La situation des transports dans la région Provence-Alpes-Côte-D’azur (PACA) reflète la situation au niveau non seulement national, mais aussi international. A partir des années 1980, d’abord aux Etats-Unis et en Grande-Bretagne, puis dans toute l’Europe, un long processus de privatisation des transports publics a commencé. Le droit à la mobilité a cédé la place aux lois du marché, à la course aux profits. Des attaques ont été portées contre la qualité du service, sa sécurité et, bien sûr, contre les conditions de travail des salariés de ce secteur.
L’exemple italien
L’Italie est un exemple frappant de ce processus.

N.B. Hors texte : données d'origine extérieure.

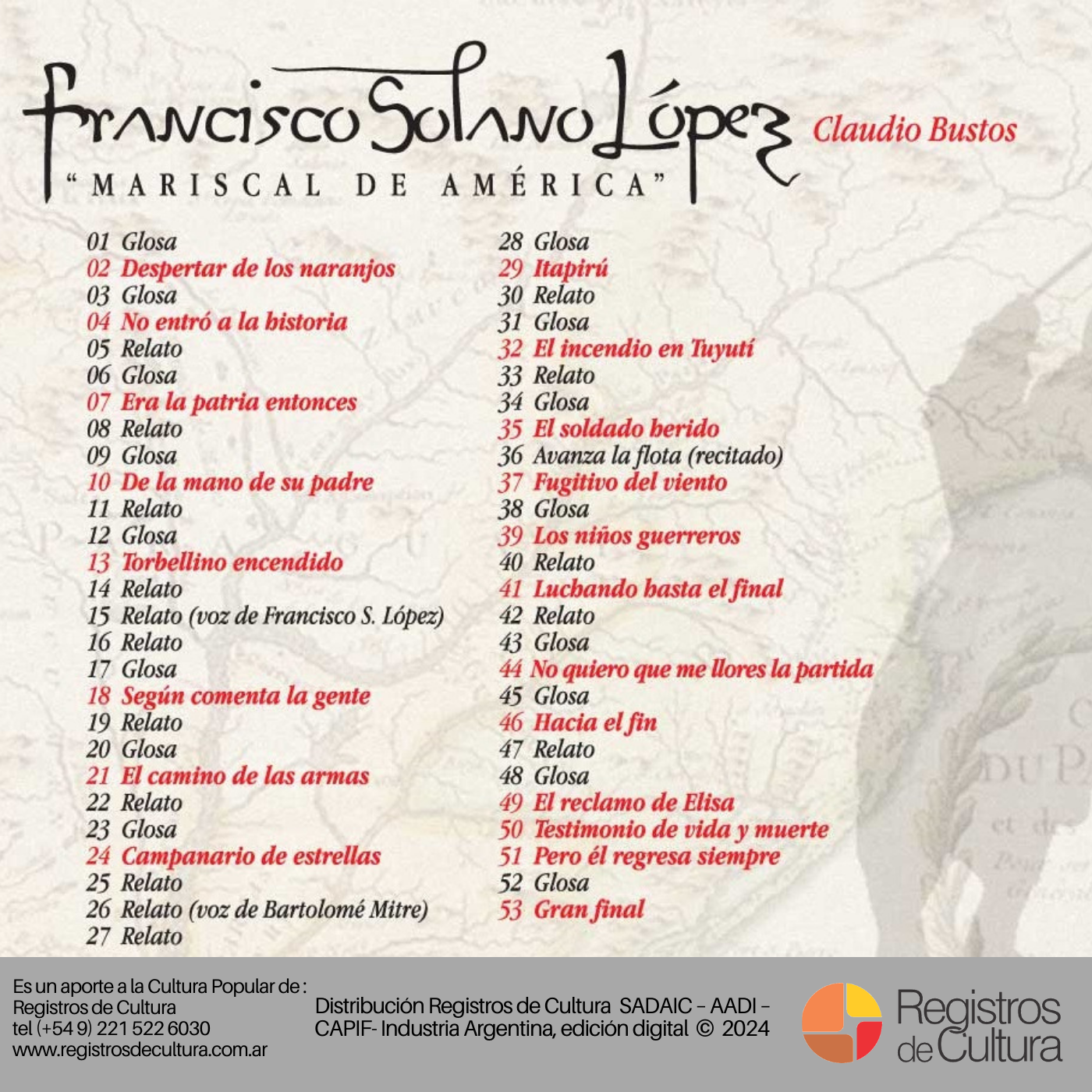 Contratapa de Claudio Bustos — Francisco Solano López - Mariscal de América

Plus de 35 milliards d’euros ont été investis dans la ligne Turin-Lyon TAV (TGV). Mais à côté de cela, la situation des transports régionaux italiens est désastreuse, du nord au sud du pays : augmentation des tarifs, baisse des fréquences, problèmes de sécurité... Pendant ce temps, le TAV Turin-Lyon est un gouffre financier et un projet inutile – avec un impact négatif énorme sur le plan écologique. Depuis plus de 20 ans, un vaste mouvement réunissant de nombreuses associations – le mouvement « NO-TAV » – lutte contre ce projet. De local, ce mouvement est devenu national.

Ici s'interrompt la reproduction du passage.